* TASK STATEMENT: Copy each line of the listing below exactly and drop the images.

* DATA EXTRACT:
☆ ☆ ☆ ☆ ☆ ☆ ☆
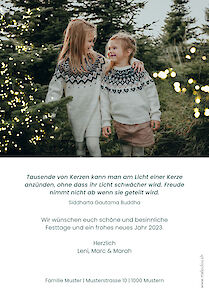 Carte de Noël personnalisée Merry Merry - 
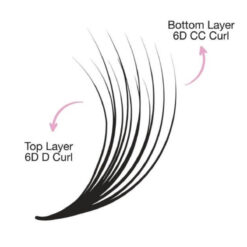 Alternative view of 6D DOUBLE LAYER LASHES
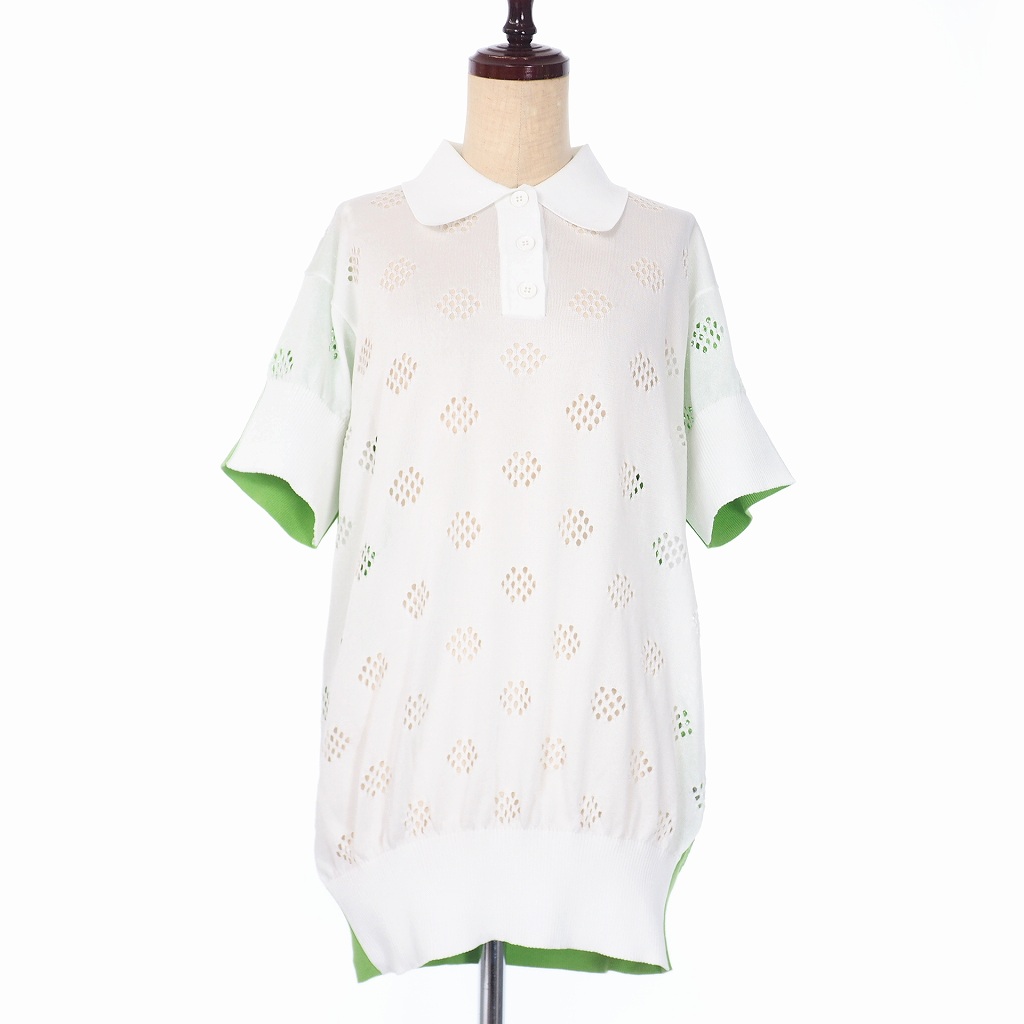 Maison Margiela 半袖ニット S ホワイト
☆ ☆ ☆ ☆ ☆ ☆ ☆
* EXERCISE OUTPUT:
 Carte de Noël personnalisée Merry Merry - 
 Alternative view of 6D DOUBLE LAYER LASHES
 Maison Margiela 半袖ニット S ホワイト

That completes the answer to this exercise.